Second Quorum of the Seventy
- April 5, 1997 – September 30, 2006
- Called by: Gordon B. Hinckley
- End reason: Honorably released

Personal details
- Born: Donald Lafayette Staheli October 19, 1931 St. George, Utah, United States
- Died: May 29, 2010 (aged 78) St. George, Utah, United States

= Donald L. Staheli =

Donald Lafayette Staheli (October 19, 1931 – May 29, 2010) was an American business executive and was a general authority of the Church of Jesus Christ of Latter-day Saints (LDS Church) from 1997 to 2006.

Staheli was born in St. George, Utah and was raised in Hurricane, Utah. He received a B.S. degree from Utah State University, followed by M.S. and Ph.D. degrees from the University of Illinois. He also served for two years in the United States Air Force.

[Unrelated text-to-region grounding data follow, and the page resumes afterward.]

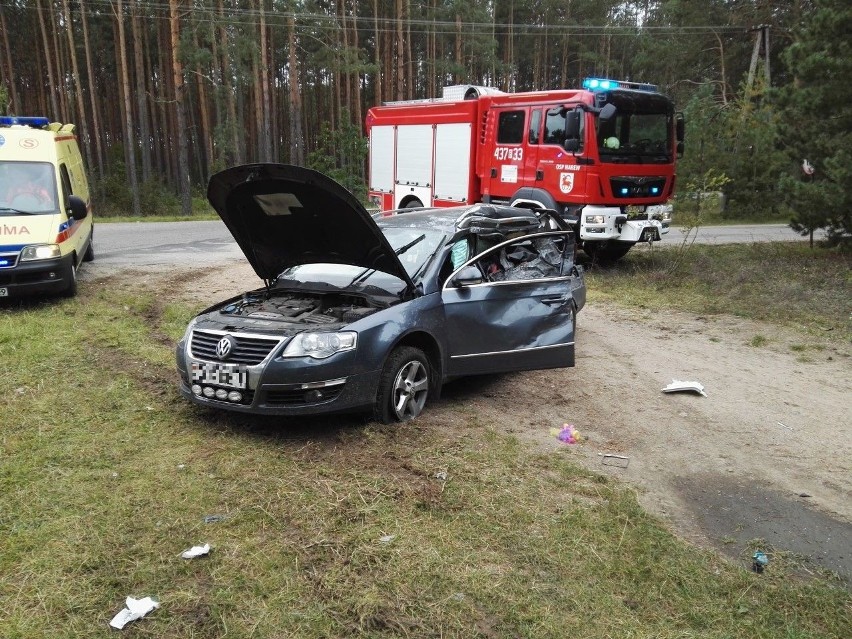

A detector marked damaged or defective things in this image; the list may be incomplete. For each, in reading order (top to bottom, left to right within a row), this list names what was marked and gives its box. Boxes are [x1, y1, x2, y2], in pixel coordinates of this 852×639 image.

wrecked car [176, 165, 584, 422]
damaged car door [440, 231, 580, 378] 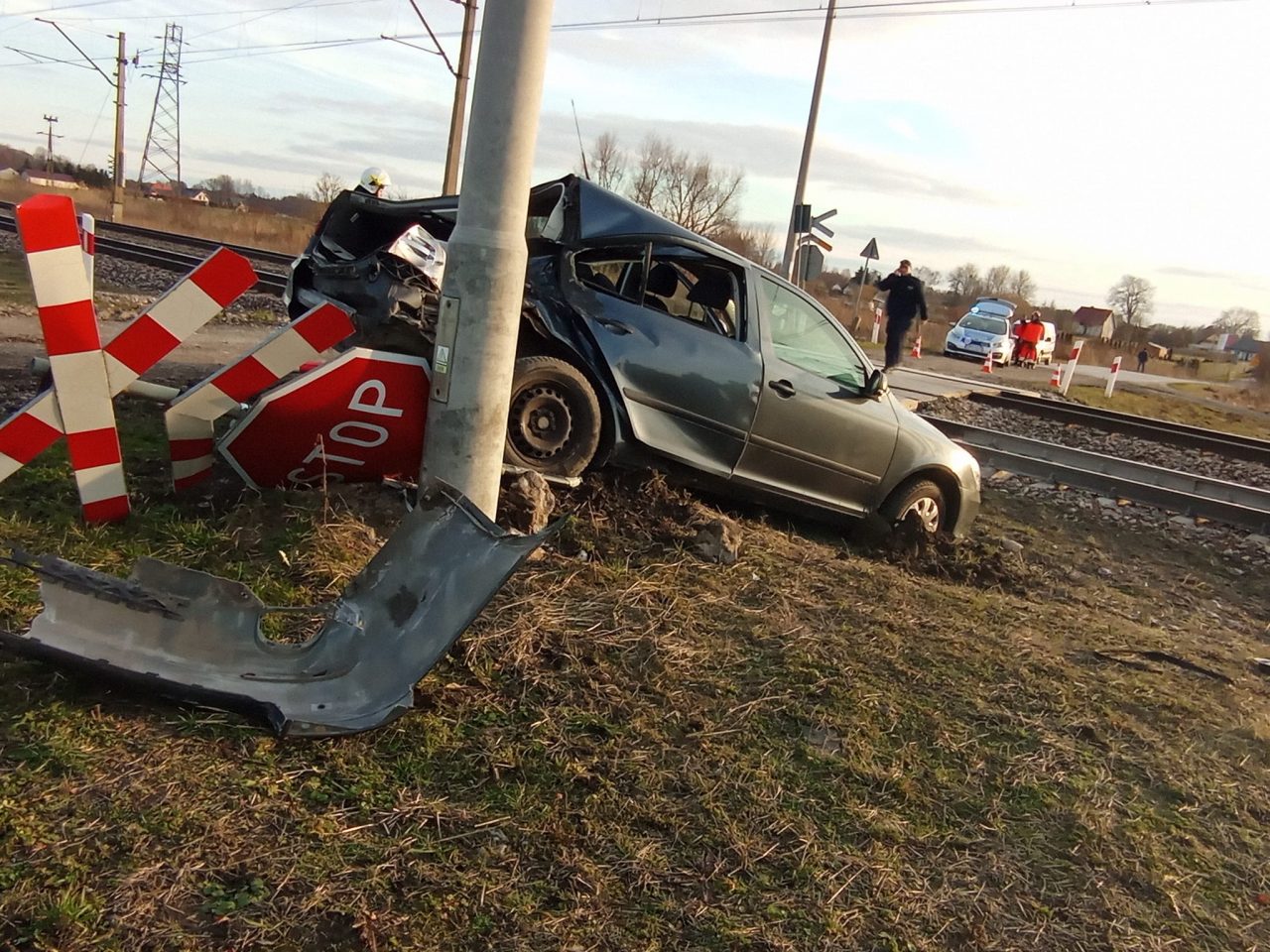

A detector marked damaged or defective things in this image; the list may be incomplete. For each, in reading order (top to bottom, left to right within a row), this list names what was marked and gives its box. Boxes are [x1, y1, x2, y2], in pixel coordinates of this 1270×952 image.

bent stop sign post [218, 350, 432, 492]
wrecked silver car [291, 178, 980, 537]
broken car window [756, 279, 868, 391]
car roof damaged [1, 484, 556, 736]
crushed car hood [1, 484, 556, 736]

Staheli was the CEO of Allied Mills and then CEO of Continental Grain. He was the CEO of Continental Grain and the chair of the U.S.–China Business Council at the time of his call as a general authority. He was also an advisor to the mayor of Shanghai, Zhu Rongji.

Staheli was serving as president of the LDS Church's Yorktown New York Stake at the time of his call as a general authority. He was living in New Canaan, Connecticut. He became a member of the Second Quorum of the Seventy in April 1997. His assignments as a general authority included serving as president of the North America Central Area at the time the Nauvoo Illinois Temple was dedicated. Staheli was released as a general authority in 2006.

He served as the first president of the Draper Utah Temple from its dedication in March 2009 until his death on May 29, 2010.